Further down on the same page, I enter the two circuit breaker alarms. The first one prevents the practice from starting. You use this alarm to tell us this is not a good time to start a practice run. For example, when there is an issue ongoing with your application or when you’re deploying a new version of your application to production. The second CloudWatch alarm gives the outcome of the practice run. It enables zonal autoshift to judge how your application is responding to the practice run. If the alarm stays green, we know all went well.

If either of these two alarms triggers during the practice run, zonal autoshift stops the practice and restores the traffic to all Availability Zones.

Finally, I acknowledge that a 30-minute practice run will run weekly and that it might reduce the availability of my application.

Then, I select Create.

Zonal autoshift - 4 And that’s it.

After a few days, I see the history of the practice runs on the Zonal shift history for resource tab of the console. I monitor the history of my two circuit breaker alarms to stay confident everything is correctly monitored and configured.

ARC Zonal Shift - practice run

It’s not possible to test an autoshift itself.
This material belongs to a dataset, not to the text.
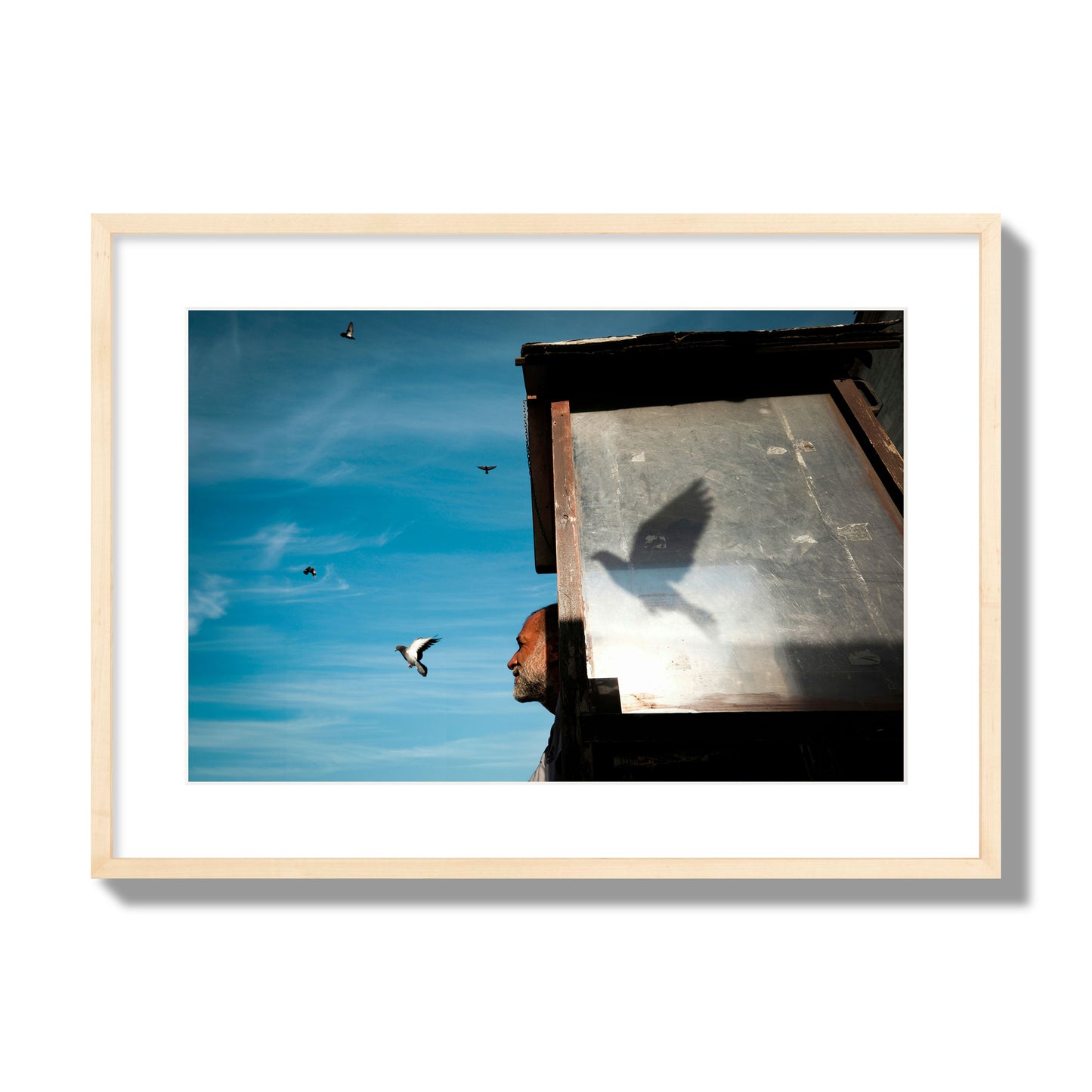 Fine art street photograph of a man watching a bird fly away in the background, with the bird’s shadow cast across a birdcage in the foreground. Archival pigment print, large size, natural wood frame.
It triggers automatically when we detect a potential issue in an Availability Zone. I asked the service team if we could shut down an Availability Zone to test the instructions I shared in this post; they politely declined my request :-).

To test your configuration, you can trigger a manual shift, which behaves identically to an autoshift.

A few more things to know
Zonal autoshift is now available at no additional cost in all AWS Regions, except for China and GovCloud.
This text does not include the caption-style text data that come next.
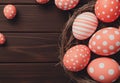 A top-down view of a wooden background featuring a nest of red and white Easter eggs, sun rays, and ample copy space Royalty Free Stock Photo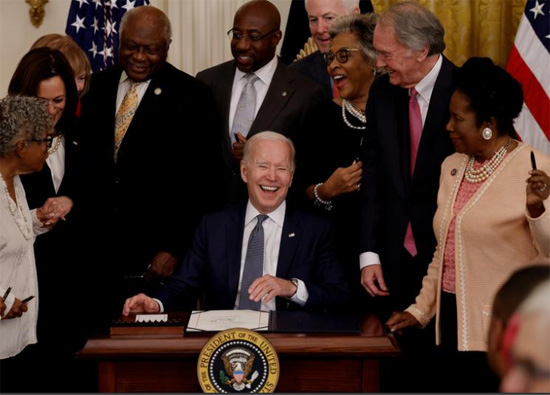 الرئيس جو بايدن يضحك مع نائب الرئيس كامالا هاريس وأعضاء الكونغرس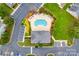 Aerial view of the community pool with lounge chairs and manicured landscaping offers a resort-like experience at 2169 Shady Pond Dr, Clover, SC 29710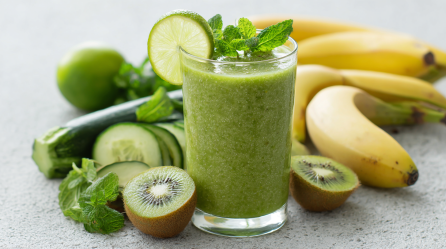 Ein Glas Kiwi-Zucchini-Smoothie auf einer grauen Arbeitsplatte. Um das Glas herum verteilt liegen Kiwis, Gurken, Bananen und eine Zucchini. Der Smoothie ist mit einer Limettenscheibe garniert.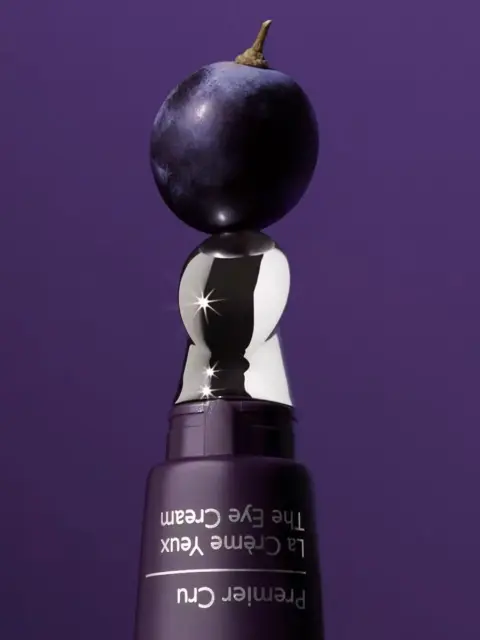 Purple eye cream bottle with a shiny silver cap, topped by a grape, on a purple background.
We recommend applying the crawl, walk, run methodology. First, you get started with manual zonal shifts to acquire confidence in your application. Then, you turn on zonal autoshift configured with practice runs outside of your business hours. Finally, you modify the schedule to include practice zonal shifts during your business hours. You want to test your application response to an event when you least want it to occur.
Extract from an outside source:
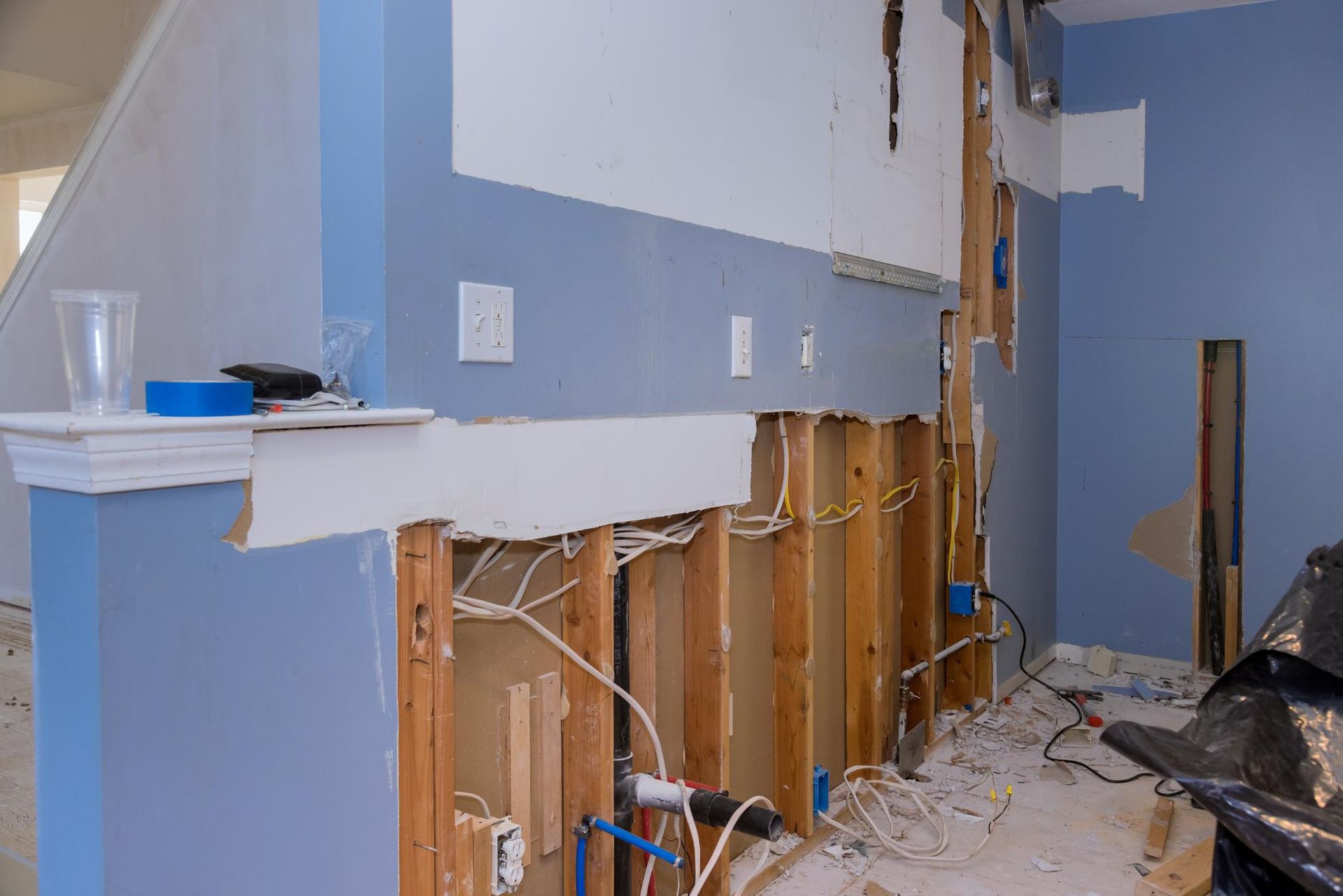 Interior wall with exposed studs, electrical wiring, and plumbing during renovation; blue paint.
We also recommend that you think holistically about how all parts of your application will recover when we move traffic away from one Availability Zone and then back. The list that comes to mind (although certainly not complete) is the following.

First, plan for extra capacity as I discussed already. Second, think about possible single points of failure in each Availability Zone, such as a self-managed database running on a single EC2 instance or a microservice that leaves in a single Availability Zone, and so on. I strongly recommend using managed databases, such as Amazon DynamoDB or Amazon Aurora for applications requiring zonal shifts. These have built-in replication and fail-over mechanisms in place. Third, plan the switch back when the Availability Zone will be available again. How much time do you need to scale your resources? Do you need to rehydrate caches?

You can learn more about resilient architectures and methodologies with this great series of articles from my colleague Adrian.

Finally, remember that only load balancers with cross-zone load balancing turned off are currently eligible for zonal autoshift. To turn off cross-zone load balancing from a CDK script, you need to remove stickinessCookieDuration and add load_balancing.cross_zone.enabled=false on the target group. Here is an example with CDK and Typescript:

    // Add the auto scaling group as a load balancing
    // target to the listener.
    const targetGroup = listener.addTargets('MyApplicationFleet', {
      port: 8080,
      // for zonal shift, stickiness & cross-zones load balancing must be disabled
      // stickinessCookieDuration: Duration.hours(1),
      targets: [asg]
    });    
    // disable cross zone load balancing
    targetGroup.setAttribute("load_balancing.cross_zone.enabled", "false");

Now it’s time for you to select your applications that would benefit from zonal autoshift. Start by reviewing your infrastructure capacity in each Availability Zone and then define the circuit breaker alarms. Once you are confident your monitoring is correctly configured, go and enable zonal autoshift.

— seb